Python’s dictionary is possibly the most useful construct in the language. And I argue that for some purposes, mapping it to a file (in real-time) can be even more useful.
Why?
The dictionary resides in memory, and so has three main “faults”:
- It only lasts as long as your program does.
- It occupies memory that might be useful for other, more commonly accessed, data.
- It is limited to how much memory your machine has.
The first can be solved by pickling and unpickling the dictionary, but will not survive an unexpected shutdown (even putting the pickling in a try-finally block won’t protect it against all errors).
FileDict
FileDict is a dictionary interface I wrote, that saves and loads its data from a file using keys. Current version uses Sqlite3 to provide consistency, and as a by-product, acidity.
The result is a dictionary which at all-times exists as a file, has virtually no size limit, and can be accessed by several processes concurrently.
It is meant as a quick-and-simple general-purpose solution. It is rarely the best solution, but it is usually good enough.

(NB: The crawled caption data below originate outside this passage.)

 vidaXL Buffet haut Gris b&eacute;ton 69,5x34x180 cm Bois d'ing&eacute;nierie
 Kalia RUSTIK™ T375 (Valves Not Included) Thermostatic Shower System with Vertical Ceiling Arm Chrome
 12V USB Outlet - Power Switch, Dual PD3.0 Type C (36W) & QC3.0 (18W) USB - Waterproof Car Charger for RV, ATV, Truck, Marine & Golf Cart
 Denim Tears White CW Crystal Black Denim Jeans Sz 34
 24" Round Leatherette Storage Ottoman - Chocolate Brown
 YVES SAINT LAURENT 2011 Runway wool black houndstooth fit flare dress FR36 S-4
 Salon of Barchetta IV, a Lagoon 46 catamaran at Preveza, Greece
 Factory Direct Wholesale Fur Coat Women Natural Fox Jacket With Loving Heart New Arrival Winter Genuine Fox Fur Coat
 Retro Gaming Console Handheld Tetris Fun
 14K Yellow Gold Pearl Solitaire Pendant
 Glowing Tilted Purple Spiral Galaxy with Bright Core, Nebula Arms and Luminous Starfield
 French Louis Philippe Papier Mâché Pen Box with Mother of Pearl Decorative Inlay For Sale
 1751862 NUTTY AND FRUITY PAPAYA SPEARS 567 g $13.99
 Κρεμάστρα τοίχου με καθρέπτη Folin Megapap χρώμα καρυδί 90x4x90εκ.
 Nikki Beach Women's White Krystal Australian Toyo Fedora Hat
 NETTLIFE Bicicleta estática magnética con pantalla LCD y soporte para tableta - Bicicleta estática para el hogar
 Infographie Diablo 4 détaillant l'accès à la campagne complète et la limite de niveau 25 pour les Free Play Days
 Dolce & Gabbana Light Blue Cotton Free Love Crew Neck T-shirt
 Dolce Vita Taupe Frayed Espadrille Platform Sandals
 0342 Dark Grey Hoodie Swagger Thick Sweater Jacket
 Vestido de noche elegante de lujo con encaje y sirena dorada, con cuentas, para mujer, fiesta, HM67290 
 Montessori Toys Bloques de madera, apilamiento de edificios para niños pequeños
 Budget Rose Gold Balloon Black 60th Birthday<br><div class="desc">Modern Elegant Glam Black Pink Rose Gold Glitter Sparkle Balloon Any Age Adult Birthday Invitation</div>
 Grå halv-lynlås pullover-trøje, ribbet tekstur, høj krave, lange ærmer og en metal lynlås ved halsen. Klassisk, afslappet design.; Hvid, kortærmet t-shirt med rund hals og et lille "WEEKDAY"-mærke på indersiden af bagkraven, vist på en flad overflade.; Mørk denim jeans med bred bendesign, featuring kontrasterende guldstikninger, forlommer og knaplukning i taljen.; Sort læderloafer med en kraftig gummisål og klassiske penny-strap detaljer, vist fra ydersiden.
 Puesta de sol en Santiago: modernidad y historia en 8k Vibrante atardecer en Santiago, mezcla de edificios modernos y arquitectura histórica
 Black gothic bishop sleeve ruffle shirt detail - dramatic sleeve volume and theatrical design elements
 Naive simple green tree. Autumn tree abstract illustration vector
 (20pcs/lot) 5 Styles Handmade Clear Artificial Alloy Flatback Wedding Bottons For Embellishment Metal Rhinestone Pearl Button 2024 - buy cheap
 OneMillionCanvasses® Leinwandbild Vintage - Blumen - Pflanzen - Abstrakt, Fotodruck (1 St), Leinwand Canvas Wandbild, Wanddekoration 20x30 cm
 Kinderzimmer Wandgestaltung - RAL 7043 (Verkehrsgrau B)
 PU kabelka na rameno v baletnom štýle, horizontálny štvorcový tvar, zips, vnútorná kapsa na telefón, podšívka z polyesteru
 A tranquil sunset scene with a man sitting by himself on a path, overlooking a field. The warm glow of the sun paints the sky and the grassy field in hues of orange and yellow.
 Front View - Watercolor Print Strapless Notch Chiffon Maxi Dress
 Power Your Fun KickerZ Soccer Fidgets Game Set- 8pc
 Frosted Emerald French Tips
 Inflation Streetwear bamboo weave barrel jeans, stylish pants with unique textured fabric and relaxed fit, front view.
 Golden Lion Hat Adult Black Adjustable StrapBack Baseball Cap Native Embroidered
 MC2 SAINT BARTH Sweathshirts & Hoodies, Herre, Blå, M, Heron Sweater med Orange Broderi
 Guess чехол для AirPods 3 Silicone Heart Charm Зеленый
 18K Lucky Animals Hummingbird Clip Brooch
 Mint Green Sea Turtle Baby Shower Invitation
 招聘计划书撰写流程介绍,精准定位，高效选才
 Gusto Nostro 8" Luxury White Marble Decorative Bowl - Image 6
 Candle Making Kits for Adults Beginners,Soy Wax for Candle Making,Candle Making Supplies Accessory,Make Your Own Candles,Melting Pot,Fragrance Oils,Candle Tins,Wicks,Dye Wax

Performance obviously cannot compare to the builtin dictionary, but it is reasonable and of low complexity (refer to sqlite for more details on that).
Uses
FileDict can be used for many purposes, including:
- Saving important data in a convinient manner
- Managing large amounts of data in dictionary form, without the mess of implementing paging or other complex solutions
- Communication between processes (sqlite supports multiple connections and implements ACID)
Examples
$ python
>>> import filedict
>>> d=filedict.FileDict(filename="example.dict")
>>> d['bla'] = 10
>>> d[(2,1)] = ['hello', (1,2) ]
-- exit --
$ python
>>> import filedict
>>> d=filedict.FileDict(filename="example.dict")
>>> print d['bla']
10
>>> print d.items()
[['bla', 10], [(2, 1), ['hello', (1, 2)]]]
>>> print dict(d)
{'bla': 10, (2, 1): ['hello', (1, 2)]}
>>> d=filedict.FileDict(filename="try.dict") >>> with d.batch: # using .batch suspend commits, making a batch of changes quicker >>> for i in range(100000): >>> d[i] = i**2 (takes about 8 seconds on my comp) >>> print len(d) 100000 >>> del d[103] >>> print len(d) 99999
Limitations
- All data (keys and values) must be pickle-able
- Keys must be hashable (perhaps this should be removed by hashing the pickled key)
Source Code
Is availible in here
Future
Additions in the future may include:
- An LRU-cache for fetching entries
- A storage strategy different than Sqlite
Other suggestions?
May 24, 2009 at 18:15 |
[...] my blog post for [...]
May 24, 2009 at 19:40 |
Why not use shelve, from the stdlib?
May 24, 2009 at 20:31 |
I’ll be honest – I forgot about shelve, and did not take it into account.
However, I can still try and answer your question:
1. Shelve does not implement ACID
2. Sqlite seems to use more compact storage
3. There are good tools to examine Sqlite DBs
4. My implementation doesn’t limit the type of your keys (tho this can be mostly fixed with a wrapper)
5. My implementation allows using the file for inter-process communication
Thanks for pointing it out, there are certainly situations where shelve would be a better choice.
May 24, 2009 at 21:05 |
Hashing the pickled key won’t work because pickle is not consistent. See http://bugs.python.org/issue5518
May 24, 2009 at 21:46 |
Very interesting! I may have to adjust my code to avoid possible bugs. Thanks R.
May 24, 2009 at 21:55 |
Re: “Python’s dictionary is possibly the most useful construct in the language.”
Well, it has been said that just as lisp is based on lists, Python is based on dicts
May 24, 2009 at 22:26 |
I played around with writing a few UserDicts with similar intent a while ago and ended up building them into a module.
http://github.com/synack/ncore/blob/dd41752b16b544aa240e8d4f2409d80d674ae643/ncore/data.py
May 25, 2009 at 4:56 |
This is very interesting, definitely going to be considering this for a few projects.
May 25, 2009 at 11:46 |
For these kind of dictionary-emulating classes, I often use the UserDict.DictMixin class. I find that you can get full dictionary emulation with little effort. An alternative implementation using DictMixin can be found here http://python.pastebin.com/f2d208b4
I’ve shamelessly stolen the key concept of hash(key)/pickle(key) and indexing on the hash. However I have not optimized the pickling (using binary pickle).
May 31, 2009 at 19:15 |
[...] – bug-fixes and updates In my previous post I introduced FileDict. I did my best to get it right the first time, but as we all know, this is [...]
October 16, 2009 at 23:47 |
Check out copycat.
Transparent, pure OO persistence tool.
I’ts a very different concept but has a lot more options than just work with dicts.